Scott Cooper is a floral designer with Walter Knoll Florist. He has been a floral designer for 36 years, beginning his career at the young age of 15 in a local flower shop in his hometown of Belleville, Ill. He shares his home, just south of the city, with his partner, Brad Fish.
During the past three decades, Cooper, too, has run the gamut from 'themed' Christmas trees to 'period/kitschy' silver tinsel trees, complete with a rotating colored light that that screams We all lived in the '60s!

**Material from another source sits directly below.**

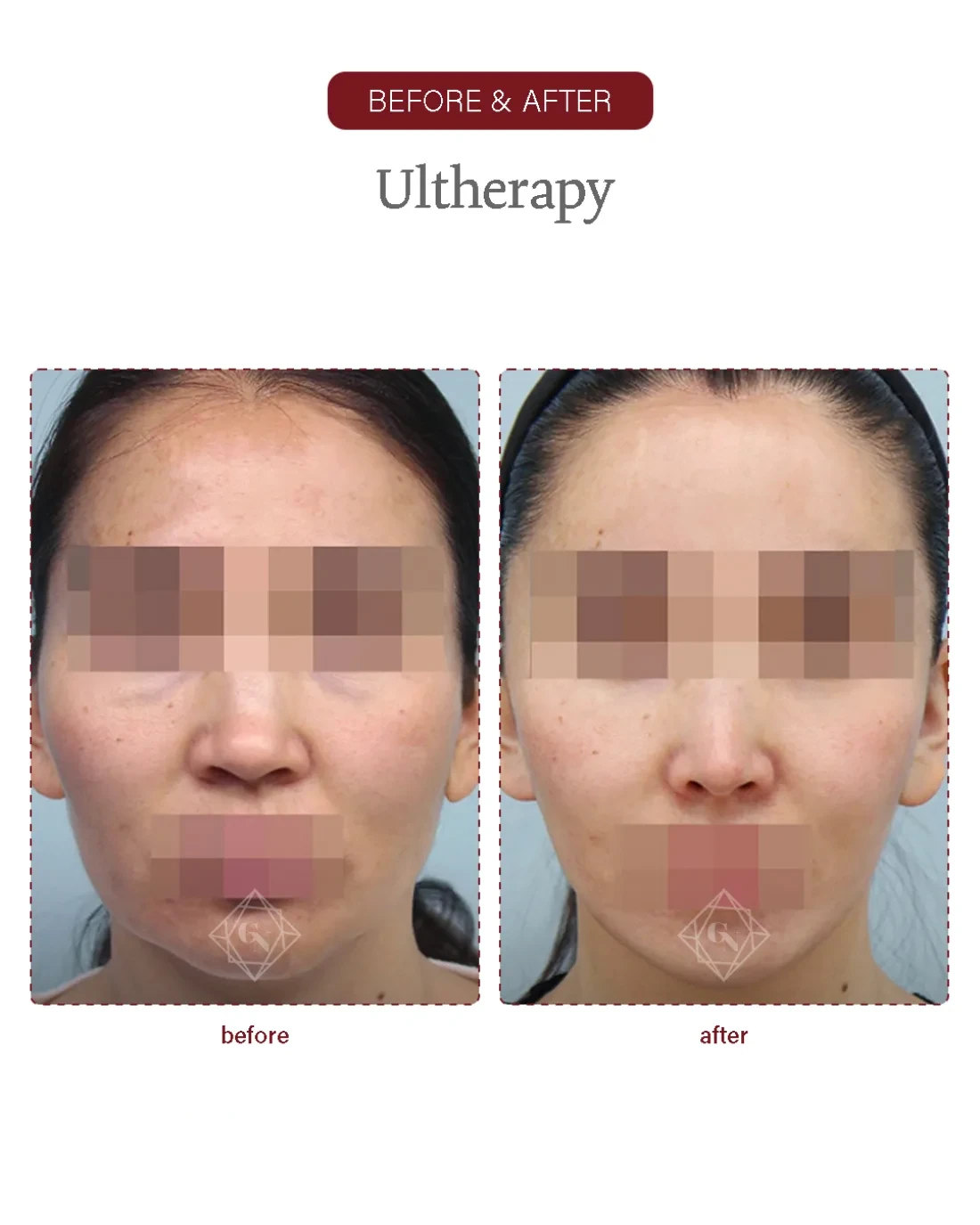 Before and after Ultherapy Lifting at Garnet Plastic Surgery, Apgujeong Seoul — actual patient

After many years of putting up more than one tree and draping everything with garland and ribbon (tastefully, of course), Cooper's holiday scheme is now pared down and more sentimental. “I don’t like to move things and store things in order to put up my decorations,” he says. “I am too practical now and can’t stand to have my home disrupted for the sake of holiday decoration.”
Cooper's Christmas tree has gone from a 10-foot tree covered in various-sized angels and tussy mussies filled with glittering fruit and feathers to one with 368 strategically placed ornaments, each with a special meaning from travels, friends or special occasions. “Brad puts the tree together and 'fluffs' it, and then it's all mine to decorate," he explains.

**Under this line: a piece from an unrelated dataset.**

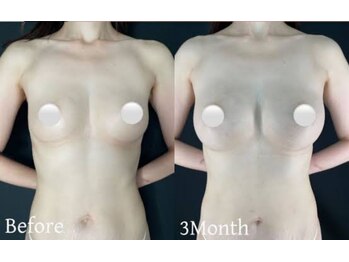 ティアラ(Tiara)/バストアップ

A buffet serves as the plateau for a hand-painted Nativity scene that Cooper’s late mother made for him in 1977. Each piece is delicately painted and glazed with a patina to give the impression of age.

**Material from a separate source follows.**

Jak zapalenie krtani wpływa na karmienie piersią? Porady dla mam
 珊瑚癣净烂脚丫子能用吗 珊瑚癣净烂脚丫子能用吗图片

Angels are a passion of Cooper’s. "Not pretty angels, but ones that really evoke a sense of spirit.” Furniture, pillows, garlands and paintings find homes for part of his collection. He also displays a part of his Christmas Spode dinnerware. “I bought my first pieces on a trip to England in the early '80s. You could only get it in fine department stores and Byron Cade at that time. Now Marshall’s has it. I still love it and get it out every year.”
An extensive orb collection is shown on a ledge in the foyer and surrounds a trio of silver trees. The staircase is draped in garland and dotted with red and white ornaments. The living room armoire, as well as an armoire in the kitchen, is topped with garlands and ornaments—not too much and not too little, just right. The kitchen garden window is reminiscent of stained glass with colorful ornaments, angels and glassware on display.
Commercialism doesn’t visit this home for the holidays. Family, sentiment and tradition live here—and maybe just a few angels.